In the instant case I would hold that the verdict is against the weight of the evidence. The eleven and fifteen year old victims herein made no immediate outcry against the appellant. There was a delay of over one year between the occurrence of the first incident and the time that it was reported to any adult. In fact, the girls first charged their father with the crime. They later recanted and said that appellant was the perpetrator.

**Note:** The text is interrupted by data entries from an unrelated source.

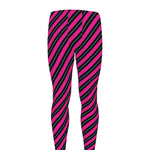 Hot Pink Black And Blue Stripes Print Men's leggings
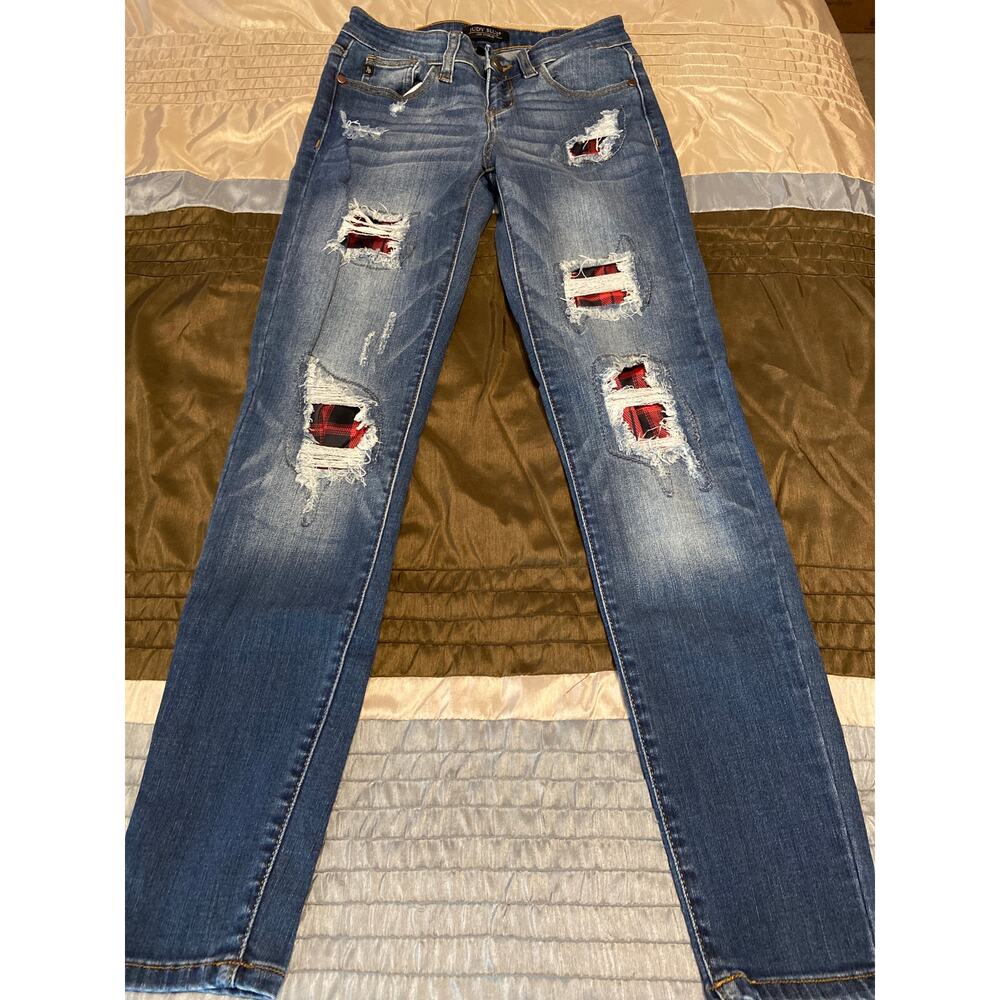 Judy Blue Buffalo plaid patch distressed destroyed skinny Jeans size 1/25
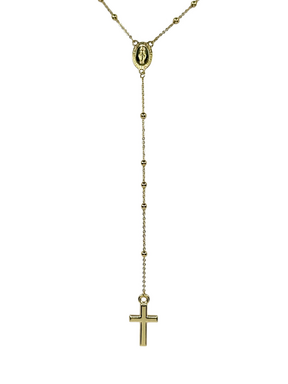 Gold necklace Rosary from yellow gold 45 cm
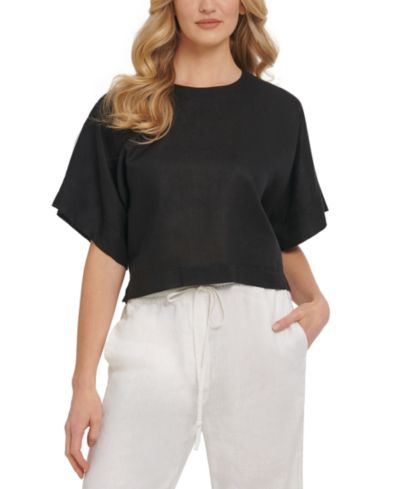 DKNY льняной топ с заниженным плечом, 100% лен
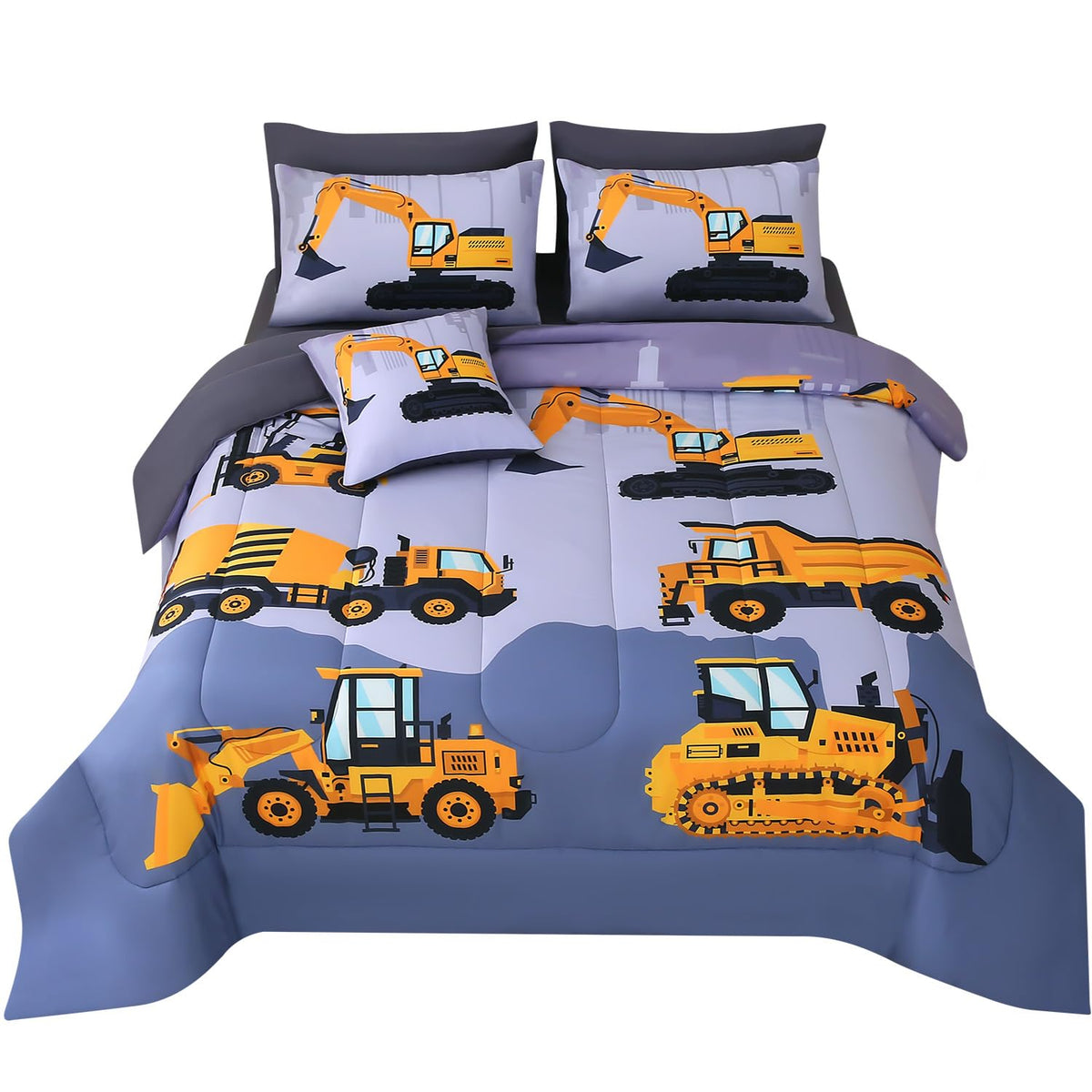 JQinHome Twin Galaxy Comforter Sets 6 Piece Bed in A Bag, Outer Space Themed Bedding for Children Boy Girl Teen Kids,1 Comforter, 1 Flat Sheet, 1 Fitted Sheet, 2 Pillowshams, 1 Cushion Cover(Blue)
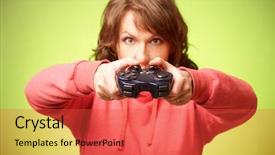  Presentation with beautiful green - Slide set consisting of playing videogame over green background background and a  colored foreground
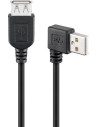 Cordon USB 2.0 A / M 90° vers USB A / F - Noir - 0,15 m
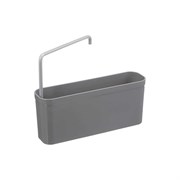 Кухонный органайзер для моющих средств PRIMANOVA с вешалкой для тряпки (серый), 27x14,5x7 см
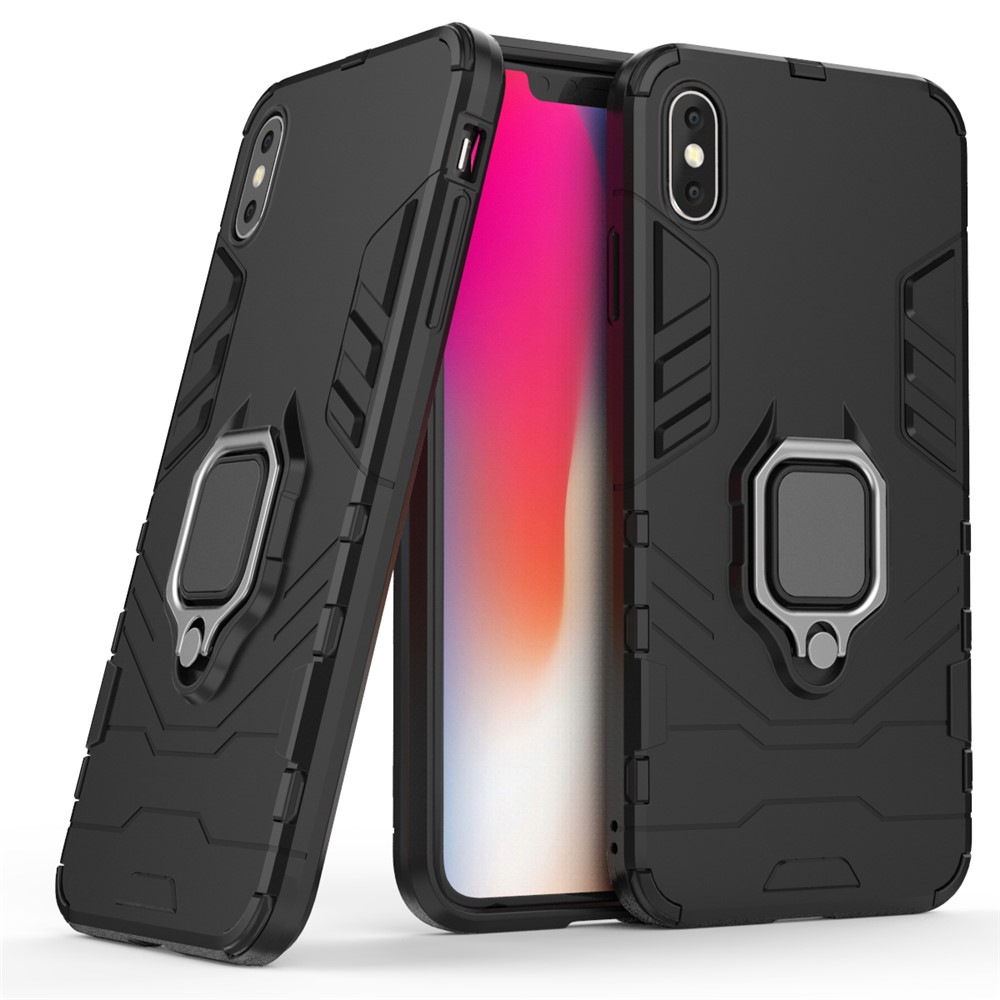 Cool Guard Ring Holder Kickstand PC TPU Hybrid Case for iPhone XS Max 6.5 inch - Black-2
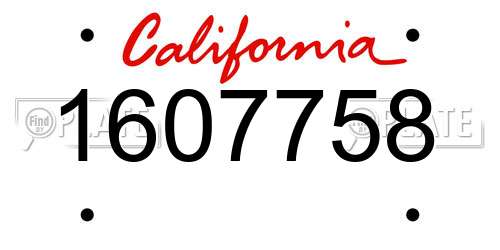1607758 California License Plate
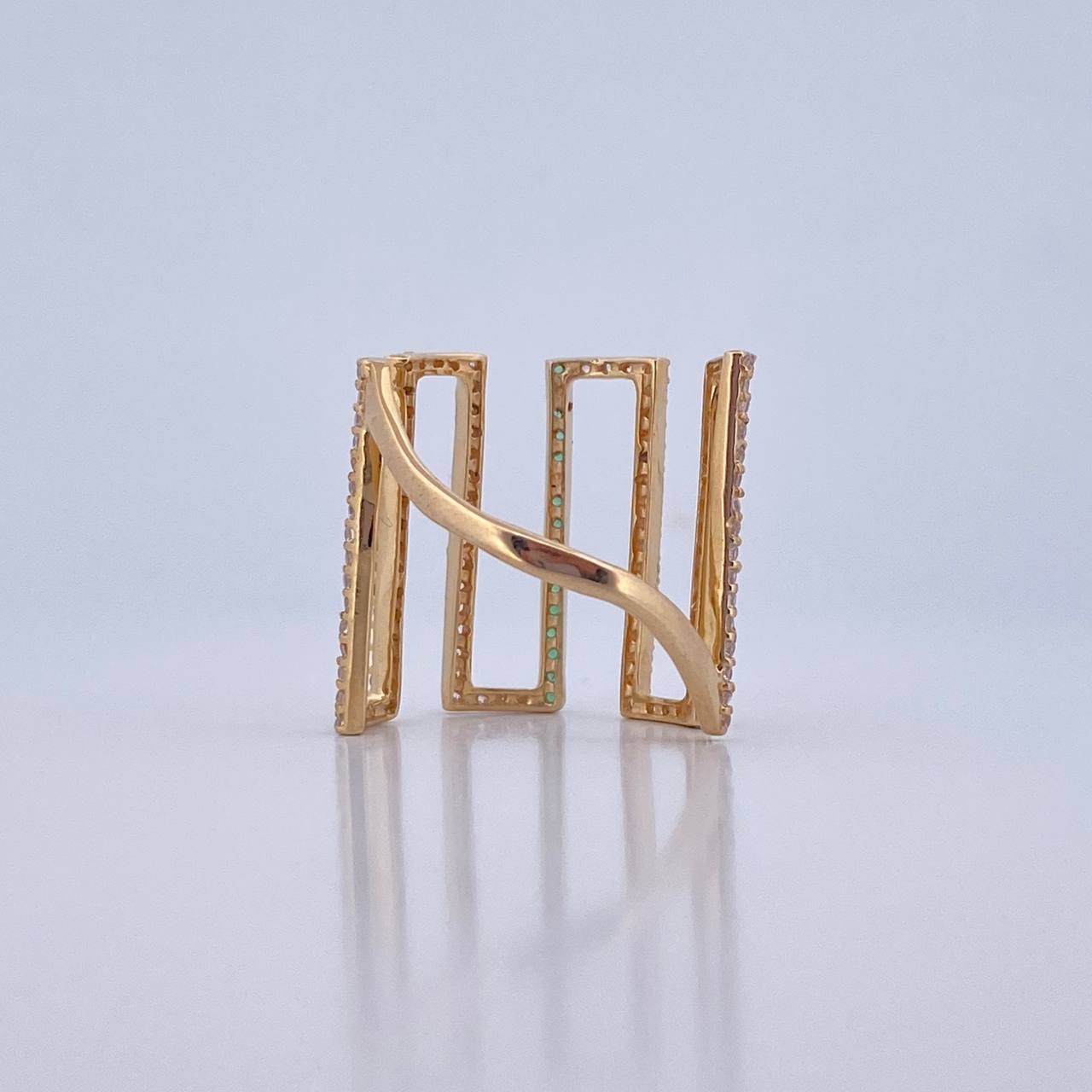 Strong Ring 3.6gr / T6 / 2cm / White Green Zircons 18K Yellow Gold &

Further, the testimony at trial by the two victims with respect to vital evidence is extremely contradictory and confused, especially as to the dates when the acts of oral intercourse occurred and as to the number of incidents. The girls were uncertain of the year, month, day, and time of the incidents. Their trial testimony also contradicted their testimony at a preliminary hearing and at a motion to quash the indictment. There was absolutely no testimony by either girl of an actual date upon which a sexual act occurred and thus, appellant had no adequate opportunity to prepare his defense. Additionally, there is a serious question as to the competency of the younger girl to testify.

The tests for competency of a minor witness were summarized in Rosche v. McCoy, 397 Pa. 615, 620-621, 156 A.2d 307, 310 (1959): “There must be (1) such capacity to communicate, including as it does both an ability to understand questions and to frame and express intelligent answers, (2) mental capacity to observe the occurrence itself and the capacity of remembering what it is that she is called to testify about and (3) a consciousness of the duty to speak the truth.” In the instant case the young victim exhibited confusion when asked simple questions on direct and cross-examination. In some instances she failed to make any audible response to questions, and on cross-examination, she could not frame an answer to several questions concerning *349what the appellant did with her. At times, she seemed to lose her memory altogether.

Based upon all of these factors and in the interests of justice, I would reverse the judgment of sentence and remand for a new trial.